Today we’re looking at the very first set of official Ryzen Mobile GPU drivers to come from AMD. Owners of Ryzen Mobile laptops have been waiting for this day for months now, so the fact these drivers are finally out is great news for the small but growing community of Ryzen laptop early adopters.Let’s backtrack for a moment and catch you up with the full story of Ryzen Mobile laptops.
The first devices to use Ryzen Mobile launched at the tail end of 2017, and while performance in some cases was pretty good thanks to the powerful integrated GPU, it quickly became apparent that work was still needed on the software side. GPU-accelerated productivity apps crashed frequently or didn’t work at all, there were issues playing some games on the laptops despite having enough GPU horsepower, plus there were plenty of odds and ends that needed tidying up with new drivers.

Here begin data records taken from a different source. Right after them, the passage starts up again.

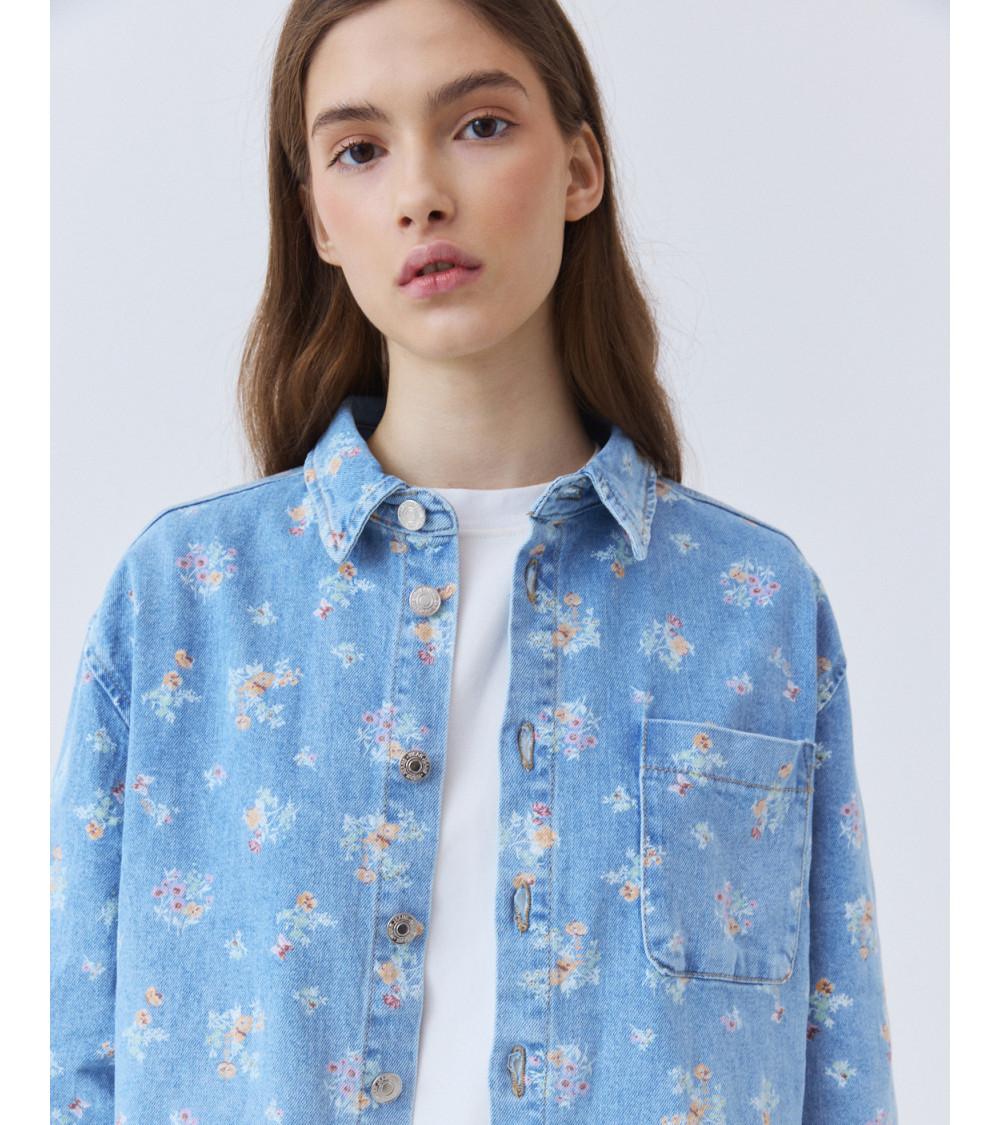 Cazadora Denim Crop con Estampado de Flores | MULAYA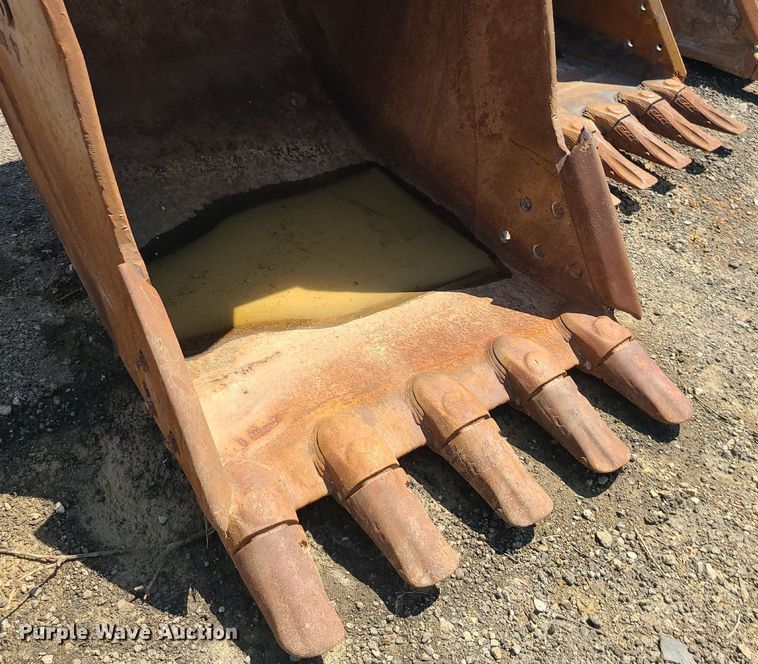 image for item DK3998 Esco EC300D/290B/C/ECR305  42"W excavator bucket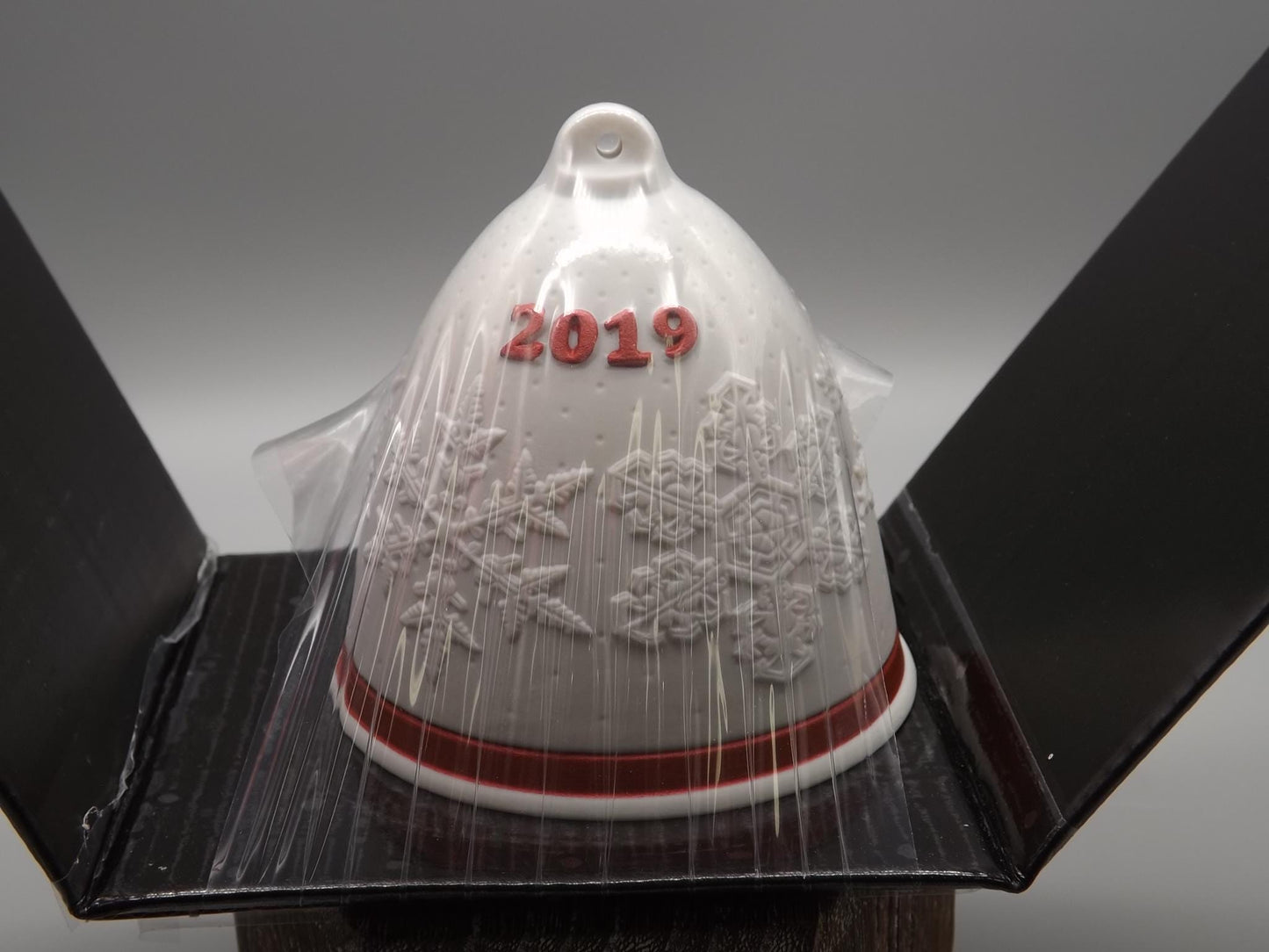 Vintage Lladro Christmas ornament bell Figurine #18448 with Box.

The hardware was there, it just wasn’t very polished and there was a quintessential “early adopter” feel to the platform.Over time, it became apparent that AMD and the OEMs weren’t going to patch these problems in a timely fashion. AMD blamed the OEMs for slacking at pushing out software updates, and that’s true to an extent, but realistically the platform needed proper drivers available through AMD directly. Throughout 2018 users discovered that hacking AMD's newer APU drivers to work on their Ryzen Mobile laptops delivered a more stable experience with better performance. But this was an unofficial, hacked together solution rather than the companies involved directly addressing the problems through official update streams. Not good enough.

Those who had bought Ryzen Mobile laptops for the fast integrated GPU in a portable form factor quickly became frustrated. Users became annoyed at the lack of driver optimizations for new games, which were available for APU and discrete GPU owners. That annoyance grew into anger as some systems hadn’t received a single GPU driver update for a year, while those with Nvidia or even Intel GPUs received reasonably regular updates.

Thankfully, AMD listened and has finally launched official Ryzen Mobile GPU drivers that you can download directly from AMD.com (or from TechSpot's drivers section, of course). These drivers can be installed on any Ryzen Mobile device, whether that’s a new system, or one of the original Ryzen laptops. It’s not locked down by OEMs, it’s designed to work as a generic, updated driver for all. It may have taken over a year but at least the drivers are now available.

Naturally, we wanted to test these new drivers and compare them to the originals that shipped with Ryzen Mobile laptops and then didn’t get updated for ages. We still have our original HP Envy x360 15" with the Ryzen 5 2500U inside, so when the new drivers became available we installed them, updated a whole bunch of other things like Windows, BIOS and other utilities that had received updates since we reviewed the system, and put the updates through their paces.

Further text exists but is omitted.